While viruses, worms and hacking attacks continue to evolve, the costs of security failure have about doubled for each of the last five years. It has been standard practice for too long for companies to counter this trend by investing in additional security technology. In the end, however, they still lag the hackers and the malefactors of malicious code.

All that’s left is a rapidly growing budget with no end in sight to a growing security headache for IT departments.

IT security is all about mitigating organisational risk. No organisation, whether it’s a private firm or government agency, has unlimited resources to apply to security – especially in the current economic climate.

But too many organisations are obsessed with testing and fixing vulnerabilities when there is no associated threat. Or they turn their attention to computer-centric vulnerabilities when the organisation is already reasonably protected, not understanding whether a real risk actually exists.

Organisations need to step back and make a closer assessment of the three components of risk: threat, vulnerability and cost.

Threat is the frequency of potentially adverse events. For example, in early 2005 the threat rate of an insider using somebody else’s logged-in PC to inappropriately access restricted information was approximately four attempts per 1,000 users per day. The threat rate of virus encounters by an organisation with 1000 PCs was about 4,000 per day, while the threat rate of ‘attack-related scans’ was about 440 per IP address per day.

A local organisation’s geography, political stance or some other factor may expose it to more or fewer threats. But instead of focusing on becoming risk experts, most companies need only to deal with potential threat rates. Those threats that never materialise are not worth the extra worry.

I define vulnerability as the likelihood of success of a particular threat against a specific organisation. Computers are either vulnerable or not to a particular threat. Companies almost always provide some way to limit their vulnerability. Even if the controls are individually less than ideal – perhaps individually just 80 percent effective – collectively they still can provide an extremely strong organisational barrier to any threats. What’s more, these controls also are often significantly less-expensive, easier to maintain and less-intrusive than individual, supposedly ‘strong’ controls.

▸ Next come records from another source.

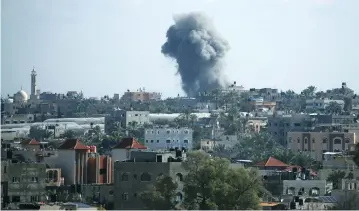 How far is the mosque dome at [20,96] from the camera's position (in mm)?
187062

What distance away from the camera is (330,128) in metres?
109

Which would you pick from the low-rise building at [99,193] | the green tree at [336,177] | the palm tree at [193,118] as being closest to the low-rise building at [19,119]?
the palm tree at [193,118]

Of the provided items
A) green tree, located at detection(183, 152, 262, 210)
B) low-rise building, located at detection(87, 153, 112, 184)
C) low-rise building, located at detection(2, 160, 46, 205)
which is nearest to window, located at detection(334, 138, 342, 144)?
low-rise building, located at detection(87, 153, 112, 184)

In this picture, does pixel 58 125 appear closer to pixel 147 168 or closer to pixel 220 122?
pixel 220 122

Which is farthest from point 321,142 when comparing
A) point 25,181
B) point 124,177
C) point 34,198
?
point 34,198

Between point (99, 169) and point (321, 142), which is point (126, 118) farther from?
point (99, 169)

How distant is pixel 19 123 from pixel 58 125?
10.1 m

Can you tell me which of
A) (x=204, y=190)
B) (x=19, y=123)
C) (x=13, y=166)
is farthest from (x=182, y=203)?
(x=19, y=123)

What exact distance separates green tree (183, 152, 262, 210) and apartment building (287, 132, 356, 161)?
49194 mm

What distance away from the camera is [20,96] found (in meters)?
190

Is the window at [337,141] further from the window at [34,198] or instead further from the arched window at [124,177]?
the window at [34,198]

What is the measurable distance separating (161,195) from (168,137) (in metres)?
70.1

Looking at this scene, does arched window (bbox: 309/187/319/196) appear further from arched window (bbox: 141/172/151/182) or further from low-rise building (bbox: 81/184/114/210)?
arched window (bbox: 141/172/151/182)

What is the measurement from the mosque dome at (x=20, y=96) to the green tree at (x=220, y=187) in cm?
13823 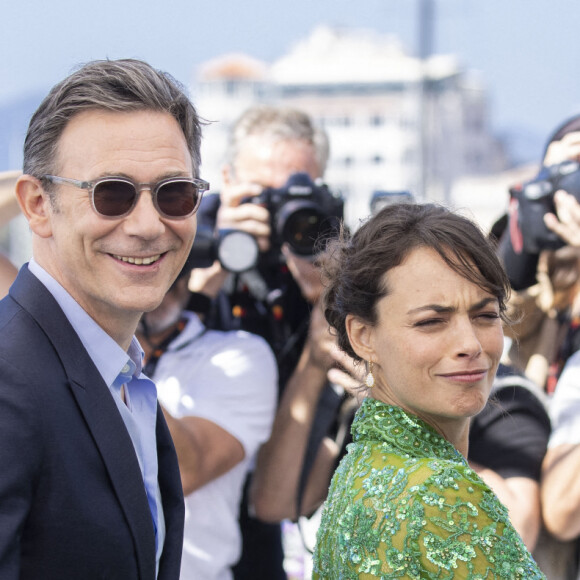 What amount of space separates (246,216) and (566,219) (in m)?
1.06

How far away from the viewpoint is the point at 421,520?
4.64 feet

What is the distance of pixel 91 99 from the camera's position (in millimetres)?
1496

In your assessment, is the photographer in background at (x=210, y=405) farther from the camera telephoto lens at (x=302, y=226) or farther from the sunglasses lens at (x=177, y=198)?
the sunglasses lens at (x=177, y=198)

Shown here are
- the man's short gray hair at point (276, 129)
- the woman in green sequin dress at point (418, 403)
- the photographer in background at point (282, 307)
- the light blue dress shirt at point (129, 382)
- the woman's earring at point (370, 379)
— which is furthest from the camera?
the man's short gray hair at point (276, 129)

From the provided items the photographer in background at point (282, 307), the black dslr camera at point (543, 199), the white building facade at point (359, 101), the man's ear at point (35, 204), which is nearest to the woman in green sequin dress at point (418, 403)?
the man's ear at point (35, 204)

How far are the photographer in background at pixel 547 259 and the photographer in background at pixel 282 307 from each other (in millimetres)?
644

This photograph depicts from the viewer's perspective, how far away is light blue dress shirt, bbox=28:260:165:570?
4.99 feet

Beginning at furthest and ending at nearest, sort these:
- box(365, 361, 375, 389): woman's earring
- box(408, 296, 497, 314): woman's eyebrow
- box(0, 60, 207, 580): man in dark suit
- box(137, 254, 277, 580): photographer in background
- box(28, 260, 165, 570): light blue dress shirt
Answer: box(137, 254, 277, 580): photographer in background < box(365, 361, 375, 389): woman's earring < box(408, 296, 497, 314): woman's eyebrow < box(28, 260, 165, 570): light blue dress shirt < box(0, 60, 207, 580): man in dark suit

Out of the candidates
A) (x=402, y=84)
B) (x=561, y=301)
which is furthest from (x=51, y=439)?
(x=402, y=84)

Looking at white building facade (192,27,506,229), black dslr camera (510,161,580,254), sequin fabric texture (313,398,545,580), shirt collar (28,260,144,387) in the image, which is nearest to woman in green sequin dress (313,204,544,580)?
sequin fabric texture (313,398,545,580)

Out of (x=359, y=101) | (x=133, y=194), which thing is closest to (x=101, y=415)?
(x=133, y=194)

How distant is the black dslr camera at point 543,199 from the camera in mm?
2939

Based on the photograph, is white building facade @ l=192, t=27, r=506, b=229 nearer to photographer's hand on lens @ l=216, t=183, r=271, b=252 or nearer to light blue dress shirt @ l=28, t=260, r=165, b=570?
photographer's hand on lens @ l=216, t=183, r=271, b=252

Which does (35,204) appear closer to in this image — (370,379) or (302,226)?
(370,379) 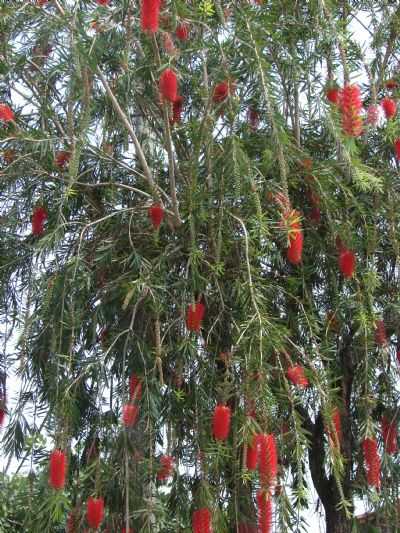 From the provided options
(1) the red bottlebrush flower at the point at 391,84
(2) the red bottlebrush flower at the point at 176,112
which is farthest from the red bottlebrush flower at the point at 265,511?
(1) the red bottlebrush flower at the point at 391,84

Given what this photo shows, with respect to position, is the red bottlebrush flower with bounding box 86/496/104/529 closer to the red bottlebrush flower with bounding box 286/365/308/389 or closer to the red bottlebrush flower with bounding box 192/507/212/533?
the red bottlebrush flower with bounding box 192/507/212/533

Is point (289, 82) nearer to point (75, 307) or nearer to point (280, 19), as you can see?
point (280, 19)

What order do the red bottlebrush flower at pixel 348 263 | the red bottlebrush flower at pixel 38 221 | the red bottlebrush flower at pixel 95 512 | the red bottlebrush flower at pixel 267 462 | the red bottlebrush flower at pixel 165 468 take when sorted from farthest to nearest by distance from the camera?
the red bottlebrush flower at pixel 38 221 → the red bottlebrush flower at pixel 348 263 → the red bottlebrush flower at pixel 165 468 → the red bottlebrush flower at pixel 95 512 → the red bottlebrush flower at pixel 267 462

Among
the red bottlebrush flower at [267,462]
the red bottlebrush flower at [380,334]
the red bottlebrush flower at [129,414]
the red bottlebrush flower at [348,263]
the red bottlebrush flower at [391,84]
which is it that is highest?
the red bottlebrush flower at [391,84]

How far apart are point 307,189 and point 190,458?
85cm

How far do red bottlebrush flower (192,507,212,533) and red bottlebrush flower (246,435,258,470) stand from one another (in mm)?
137

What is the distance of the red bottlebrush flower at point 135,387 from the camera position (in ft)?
7.11

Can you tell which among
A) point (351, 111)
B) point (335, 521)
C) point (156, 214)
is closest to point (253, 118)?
point (156, 214)

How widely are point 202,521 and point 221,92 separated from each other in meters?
1.03

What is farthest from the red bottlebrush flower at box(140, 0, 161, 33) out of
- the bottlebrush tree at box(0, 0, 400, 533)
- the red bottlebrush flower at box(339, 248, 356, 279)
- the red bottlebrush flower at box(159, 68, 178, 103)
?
the red bottlebrush flower at box(339, 248, 356, 279)

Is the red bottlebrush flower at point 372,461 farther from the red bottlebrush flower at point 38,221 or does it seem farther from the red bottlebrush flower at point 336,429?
the red bottlebrush flower at point 38,221

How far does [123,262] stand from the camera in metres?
2.48

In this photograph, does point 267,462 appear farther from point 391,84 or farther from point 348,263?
point 391,84

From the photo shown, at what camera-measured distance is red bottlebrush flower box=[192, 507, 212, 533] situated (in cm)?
202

The hard-dollar costs associated with risk are measured in terms of the damage to sales, cash equivalents and the amount of IT-staff time and resources devoted to repair a breach. Then there are ‘soft-dollar’ costs that include meetings, user productivity, public relations damage control, as well as any decrease in public confidence or lost business opportunities.

When at least one of these three components is zero or very small in this equation, there’s no immediate risk to the organisation. This approach eliminates unnecessary spending. It also provides equal or better protection through means that most companies either already have – or can put in place with existing people and technologies.

For example, the built-in lack of vulnerability at the corporate level makes about half of Microsoft’s ‘critical’ patches unnecessary. If you know you have filters, topologies, configurations or other controls that also address a particular risk, you can delay or eliminate another 50 percent to 70 percent of the proposed fixes.

There’s a larger lesson here. Organisations need to first ensure that the basics are in place -- the equivalent of brakes, seat belts and steering, not antilock, antiskid breaks, with rack-and-pinion systems. Best practises are less useful than a comprehensive, risk-based approach that generates practical and achievable security.

Experience has shown and continues to show us, that the dogmatic approach to Information Security is not the correct one. Organisations can prevent costly attacks on their infrastructure when they stop following security dogma and chasing vulnerabilities and fancy new security devices. The Insurance Industry is ideally placed to take a lead in adopting and encouraging, through its client base, a business focused, risk based approach to managing the security challenges we all face.